Scharf a hâte de voir le produit que Holoride met au point pour les véhicules sans conducteur: «L’entreprise prépare une expérience de RV destinée aux passagers des véhicules sans conducteur. Elle envisage d’incorporer les mouvements de la voiture en temps réel pour que l’expérience semble encore plus réelle. Ce concept est vraiment cool.»
Déjouer l’obligation perpétuelle de mise à niveau
Les entreprises les plus prospères dans le domaine du divertissement sont celles qui affectent des employés à l’étude et à l’essai des formes actuelles et émergentes de divertissement et des outils de création de contenu. C’est exactement ce à quoi Schilowitz et son équipe se consacrent. Il explique: «Si vous n’avez pas le temps d’en apprendre sur les nouveautés, vous n’en saurez pas assez pour en tirer profit.» Si l’on passe peu de temps à regarder la télévision, que l’on voit peu de films ou que l’on se contente de lire des rapports, on n’en apprendra pas sur les possibilités et les pensées novatrices qui feront des vagues dans l’industrie.

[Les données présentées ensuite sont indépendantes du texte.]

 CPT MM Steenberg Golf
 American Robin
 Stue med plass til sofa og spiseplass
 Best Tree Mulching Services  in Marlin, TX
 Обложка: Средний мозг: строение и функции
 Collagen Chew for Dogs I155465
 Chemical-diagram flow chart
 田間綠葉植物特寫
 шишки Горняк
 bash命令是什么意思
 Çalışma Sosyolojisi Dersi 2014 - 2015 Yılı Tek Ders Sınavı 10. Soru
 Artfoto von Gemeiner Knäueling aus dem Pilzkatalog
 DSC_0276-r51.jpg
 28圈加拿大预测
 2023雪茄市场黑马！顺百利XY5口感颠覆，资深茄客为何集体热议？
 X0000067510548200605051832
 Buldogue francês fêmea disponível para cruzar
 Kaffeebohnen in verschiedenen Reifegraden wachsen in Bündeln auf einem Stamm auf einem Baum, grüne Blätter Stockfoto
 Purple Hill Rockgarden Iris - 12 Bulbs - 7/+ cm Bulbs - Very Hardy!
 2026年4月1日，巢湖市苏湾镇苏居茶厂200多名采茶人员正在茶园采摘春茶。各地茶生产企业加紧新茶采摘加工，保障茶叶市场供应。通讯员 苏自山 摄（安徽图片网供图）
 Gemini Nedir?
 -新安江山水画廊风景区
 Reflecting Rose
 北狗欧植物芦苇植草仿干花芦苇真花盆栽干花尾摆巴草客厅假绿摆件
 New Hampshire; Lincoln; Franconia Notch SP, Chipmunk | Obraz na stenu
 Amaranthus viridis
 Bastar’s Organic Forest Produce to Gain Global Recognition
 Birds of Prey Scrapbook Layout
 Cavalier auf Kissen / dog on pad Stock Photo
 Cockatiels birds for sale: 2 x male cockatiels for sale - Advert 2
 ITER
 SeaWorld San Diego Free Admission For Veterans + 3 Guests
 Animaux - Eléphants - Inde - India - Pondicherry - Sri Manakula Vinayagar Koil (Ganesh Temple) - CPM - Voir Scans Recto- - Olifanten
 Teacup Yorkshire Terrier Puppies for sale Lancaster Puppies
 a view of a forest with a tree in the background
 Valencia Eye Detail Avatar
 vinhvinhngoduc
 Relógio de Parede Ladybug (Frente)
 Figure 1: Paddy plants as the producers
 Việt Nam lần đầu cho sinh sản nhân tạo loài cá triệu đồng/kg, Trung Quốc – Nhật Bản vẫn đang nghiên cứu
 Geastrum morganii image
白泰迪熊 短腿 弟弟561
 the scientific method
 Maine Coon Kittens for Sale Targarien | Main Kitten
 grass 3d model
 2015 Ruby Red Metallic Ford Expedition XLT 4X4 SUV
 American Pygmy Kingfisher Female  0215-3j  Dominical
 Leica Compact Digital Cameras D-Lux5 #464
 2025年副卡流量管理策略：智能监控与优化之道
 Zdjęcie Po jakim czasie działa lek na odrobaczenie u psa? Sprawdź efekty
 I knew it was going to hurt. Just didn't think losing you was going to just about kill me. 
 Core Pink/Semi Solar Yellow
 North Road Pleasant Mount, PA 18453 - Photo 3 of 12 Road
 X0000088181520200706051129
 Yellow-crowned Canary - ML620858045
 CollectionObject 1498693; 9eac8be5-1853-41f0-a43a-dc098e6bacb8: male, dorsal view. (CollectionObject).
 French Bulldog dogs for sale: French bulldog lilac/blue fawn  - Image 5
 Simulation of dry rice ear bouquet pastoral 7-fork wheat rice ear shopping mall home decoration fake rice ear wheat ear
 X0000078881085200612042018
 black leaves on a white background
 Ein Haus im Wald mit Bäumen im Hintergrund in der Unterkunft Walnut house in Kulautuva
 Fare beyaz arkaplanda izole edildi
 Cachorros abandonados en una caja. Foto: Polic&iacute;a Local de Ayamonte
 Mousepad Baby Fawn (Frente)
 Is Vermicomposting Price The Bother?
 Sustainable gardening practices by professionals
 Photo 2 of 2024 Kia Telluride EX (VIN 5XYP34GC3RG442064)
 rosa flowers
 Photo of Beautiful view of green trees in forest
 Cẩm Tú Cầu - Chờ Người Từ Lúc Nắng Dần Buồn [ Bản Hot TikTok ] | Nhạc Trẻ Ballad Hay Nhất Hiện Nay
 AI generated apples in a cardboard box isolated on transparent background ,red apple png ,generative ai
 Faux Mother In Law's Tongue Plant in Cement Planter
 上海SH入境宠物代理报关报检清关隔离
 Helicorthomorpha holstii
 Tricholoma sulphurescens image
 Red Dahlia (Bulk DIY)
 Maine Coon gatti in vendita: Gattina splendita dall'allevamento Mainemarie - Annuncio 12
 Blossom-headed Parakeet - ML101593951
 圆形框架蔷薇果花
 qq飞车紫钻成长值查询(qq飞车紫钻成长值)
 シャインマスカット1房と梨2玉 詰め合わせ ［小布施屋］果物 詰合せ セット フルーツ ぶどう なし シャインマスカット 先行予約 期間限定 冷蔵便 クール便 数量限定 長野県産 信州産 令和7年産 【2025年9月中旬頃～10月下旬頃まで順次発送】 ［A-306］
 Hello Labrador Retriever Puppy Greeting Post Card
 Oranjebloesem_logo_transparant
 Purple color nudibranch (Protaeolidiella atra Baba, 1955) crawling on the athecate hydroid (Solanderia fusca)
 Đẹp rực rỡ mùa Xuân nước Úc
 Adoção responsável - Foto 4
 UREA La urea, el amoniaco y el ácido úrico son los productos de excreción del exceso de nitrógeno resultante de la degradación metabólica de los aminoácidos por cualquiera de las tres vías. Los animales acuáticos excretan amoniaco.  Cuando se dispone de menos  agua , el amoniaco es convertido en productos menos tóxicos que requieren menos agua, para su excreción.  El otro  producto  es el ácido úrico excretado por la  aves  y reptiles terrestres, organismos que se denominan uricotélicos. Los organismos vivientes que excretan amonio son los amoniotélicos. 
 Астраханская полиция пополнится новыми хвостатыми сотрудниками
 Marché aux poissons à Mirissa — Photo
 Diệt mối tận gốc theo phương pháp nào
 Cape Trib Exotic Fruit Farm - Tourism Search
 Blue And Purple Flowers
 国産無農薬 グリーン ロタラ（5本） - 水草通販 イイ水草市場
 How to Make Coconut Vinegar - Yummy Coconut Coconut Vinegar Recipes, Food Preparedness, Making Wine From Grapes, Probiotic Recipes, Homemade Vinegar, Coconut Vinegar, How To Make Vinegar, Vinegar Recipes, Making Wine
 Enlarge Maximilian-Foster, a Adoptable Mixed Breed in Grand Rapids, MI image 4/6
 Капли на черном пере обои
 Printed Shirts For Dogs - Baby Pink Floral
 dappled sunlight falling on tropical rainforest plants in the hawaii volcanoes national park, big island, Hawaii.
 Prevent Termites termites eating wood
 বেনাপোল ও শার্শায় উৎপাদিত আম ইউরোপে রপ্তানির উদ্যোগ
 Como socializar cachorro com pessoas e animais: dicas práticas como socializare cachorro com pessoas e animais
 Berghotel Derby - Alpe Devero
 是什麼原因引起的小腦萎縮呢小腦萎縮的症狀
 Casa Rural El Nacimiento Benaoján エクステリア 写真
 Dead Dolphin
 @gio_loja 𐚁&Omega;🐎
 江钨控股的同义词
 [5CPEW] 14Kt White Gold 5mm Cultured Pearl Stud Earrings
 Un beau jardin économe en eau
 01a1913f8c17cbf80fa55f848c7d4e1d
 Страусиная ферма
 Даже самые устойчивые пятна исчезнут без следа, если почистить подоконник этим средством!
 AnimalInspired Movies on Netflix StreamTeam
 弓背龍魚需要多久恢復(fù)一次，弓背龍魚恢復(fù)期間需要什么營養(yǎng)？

Les sociétés les plus fructueuses ont mis en place une infrastructure destinée aux nouvelles formes de divertissement et à leur consommation. Apple, Google, Valve et Disney sont les principaux exemples. Schilowitz précise: «Disney sait comment enchanter les auditoires. La société a une longue histoire à l’extérieur du schème ‟allons dans une salle pour regarder un écran”.» En effet, elle a une bonne compréhension de toutes les formes de divertissement et des comportements des consommateurs à leur égard, qu’il s’agisse de parcs thématiques, de manèges, de films, d’émissions de télévision, de musique, de produits de consommation, de diffusion en continu, etc. Cela fait des décennies que Disney en apprend à ce sujet et joue avec différentes moutures d’expériences narratives.
Il ne s’agit plus de créer des histoires pour les spectateurs. Il s’agit de personnaliser des moments et des liens mémorables. Nous y parviendrons main dans la main avec les auditoires, avec les technologies conçues pour combler les écarts entre l’imaginaire des raconteurs les plus créatifs et les possibles d’aujourd’hui.